# polly wad



## mudhog (May 9, 2005)

My kids caught some fish in a pond that a oldtimer called a polly wad
looked like a catfish to me. I didn't see them in person just a picture, but has anybody heard of polly wad? he said they were not good to eat. When I did a search on the net I got tadpoles.


----------



## BIGBADJOHN49 (Aug 23, 2006)

Hey Mudhog, my Dad always called Mudcats pollywads. Mudcats are slimy bait stealing freshwater Hardheads. They have a rounded tail instead of a "V" shaped catfish tail. Usually dark backed with a yellow rounded belly.

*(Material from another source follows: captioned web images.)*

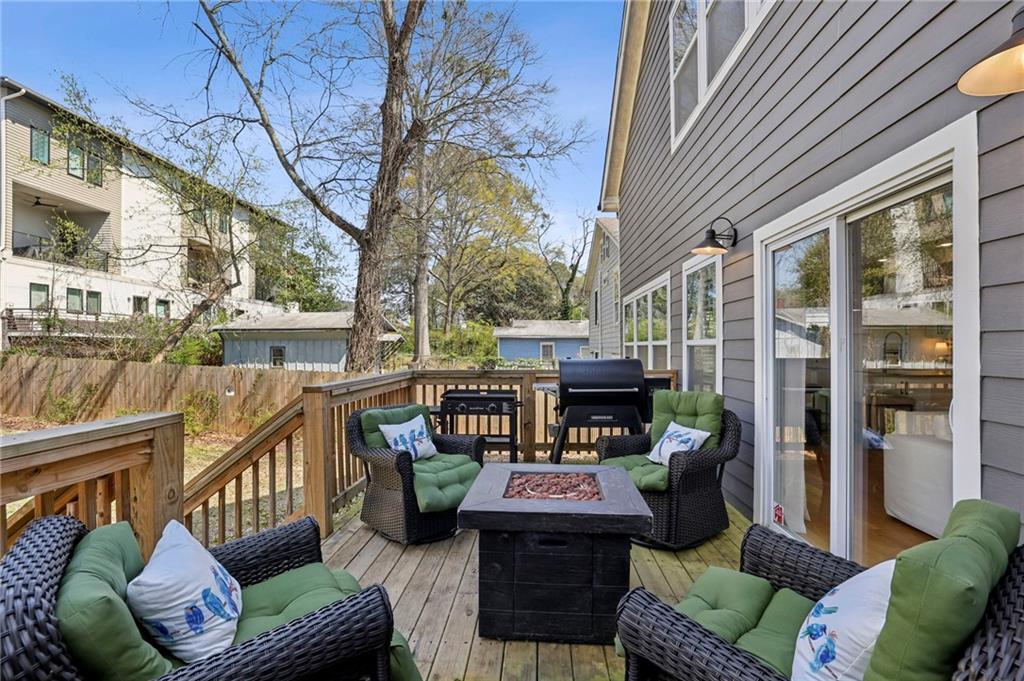 1582 Liberty Avenue SE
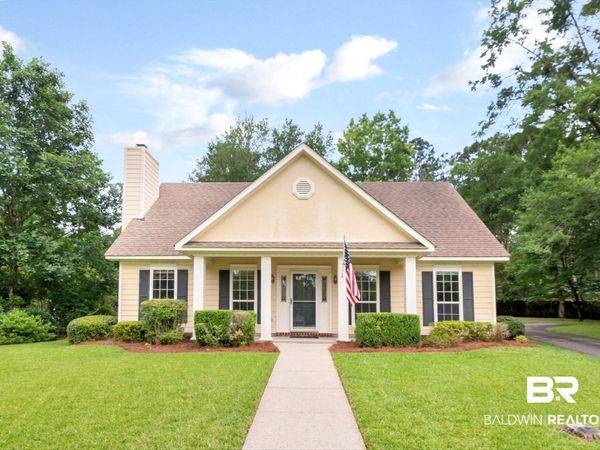1220 Edinburgh Court, Mobile, AL 36609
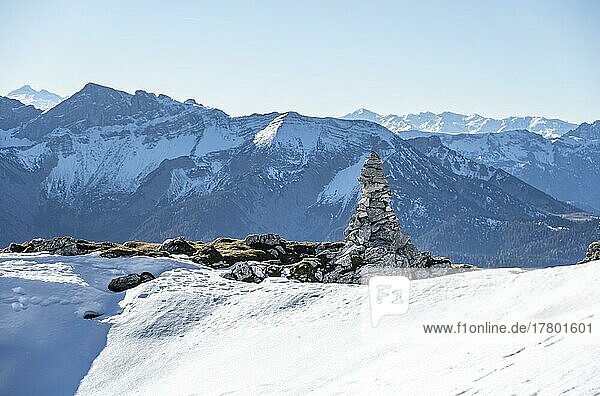 Snow-covered mountains  cairns  Brandenberg Alps  Tyrol  Austria  Europe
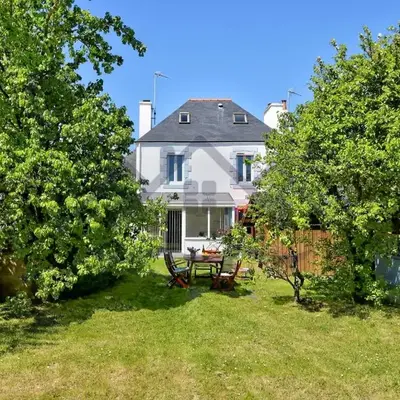 LocaLise - M26B - Les Belles Âmes - Maison rénovée avec jardin entièrement clos - place de parking sur le terrain - wifi inclus - draps inclus - animaux bienvenus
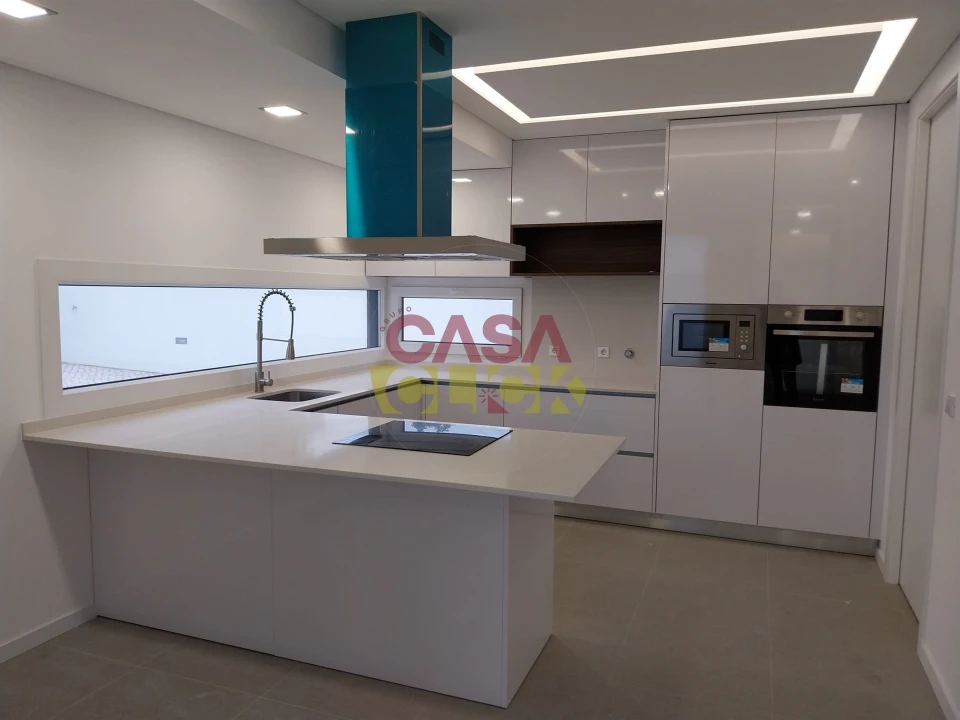 Moradia T5 para Venda em São João Baptista Foto 41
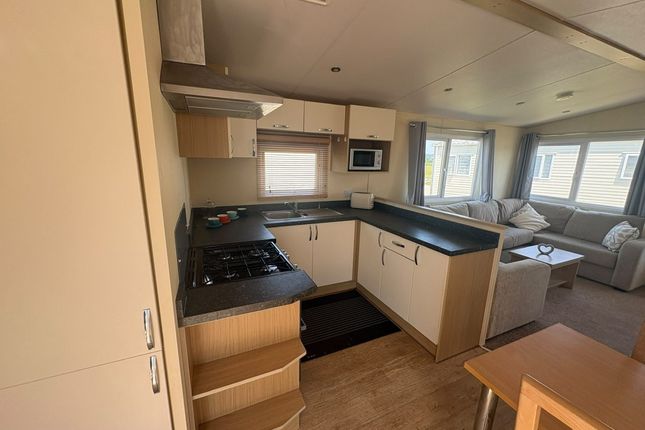 Orchard Views Holiday Park, Burmarsh Road, Romney Marsh photo 3
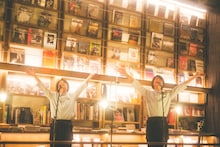 「しめじ体操」を披露するさくらしめじ。（撮影：鈴木友莉）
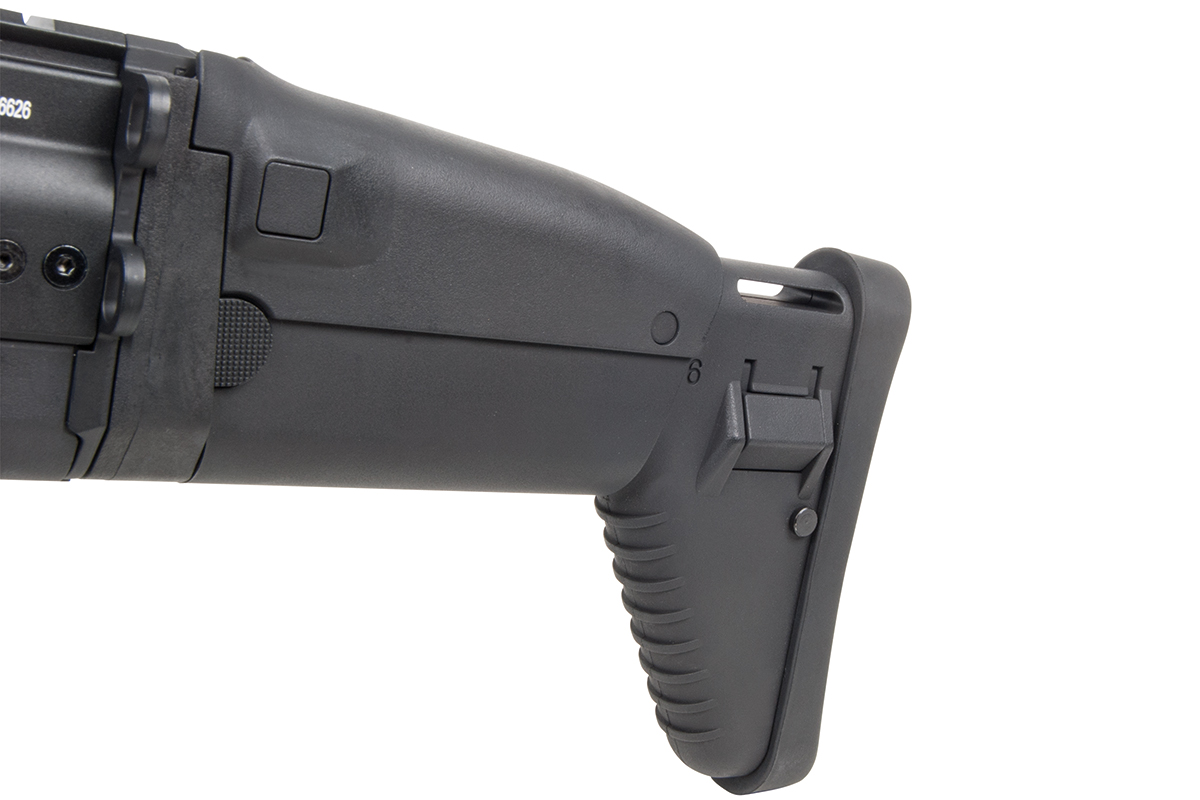 Verstellbarer Schaft aus schwarzem Polymer für Luftgewehre mit strukturierter Schaftkappe und robuster Konstruktion im taktischen Design.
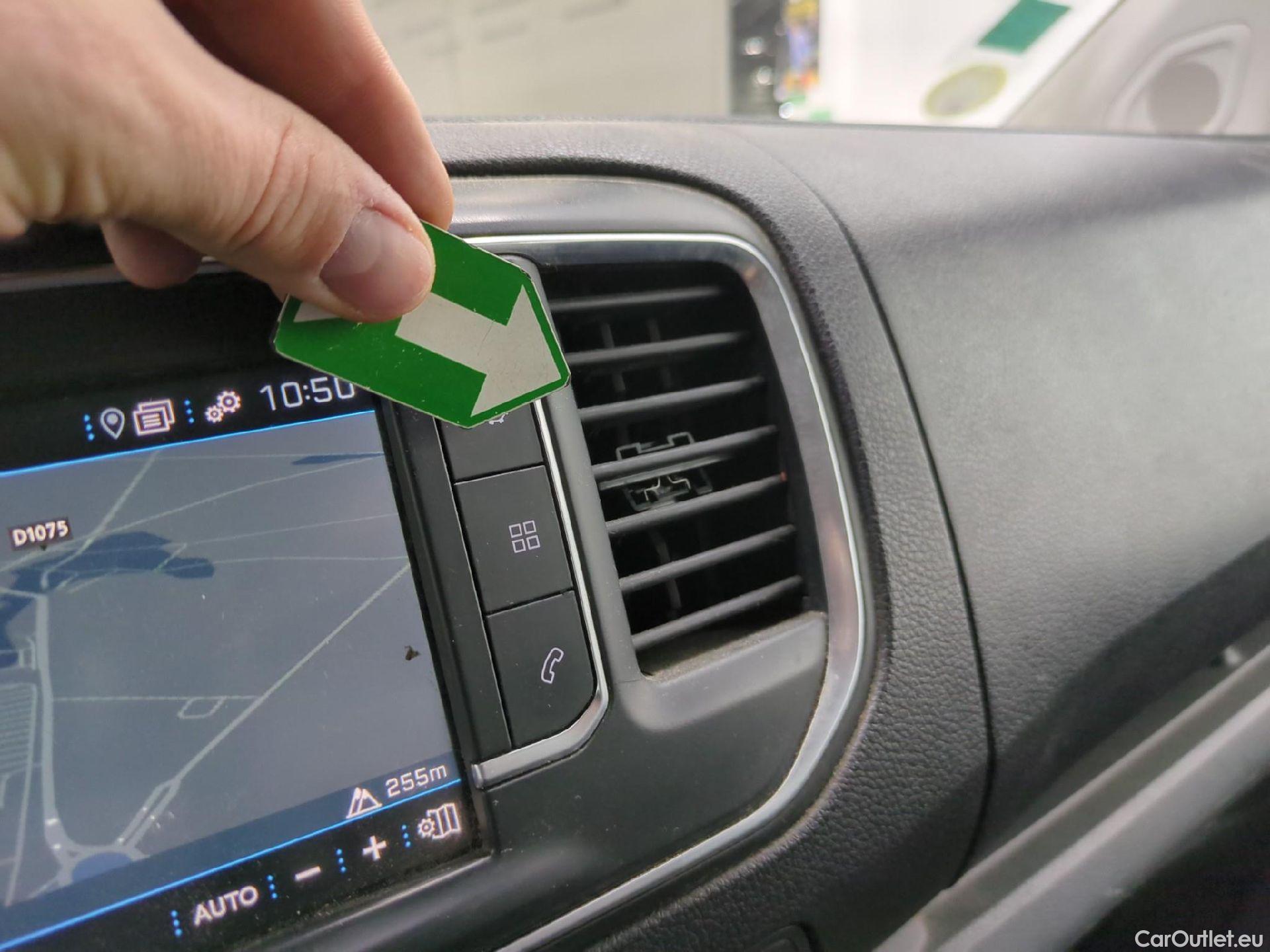  Peugeot  Expert  Fourgon Urban Compact 2.0 HDi 120CV BVA8 E6dT #1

I have cooked them but they had a "muddy" taste. Now they just get added to the turtle traps.


----------



## Salty Dog (Jan 29, 2005)

We always said it polliwog. It's a bullhead catfish.


----------



## mudhog (May 9, 2005)

thanks you described them to a T they were dark with a yellow/orange belly, didn't see what the tail looked like though but he called them polliewog oh whatever how its spelled, I heard the term before but never really knew what they were.


----------



## Bozo (Jun 16, 2004)

The bullhead got the nickname pollywog becuase of they are colored and shaped like a pollywog (bullfrog tadpole).


----------



## kim e cooper (Feb 18, 2006)

Mudcat


----------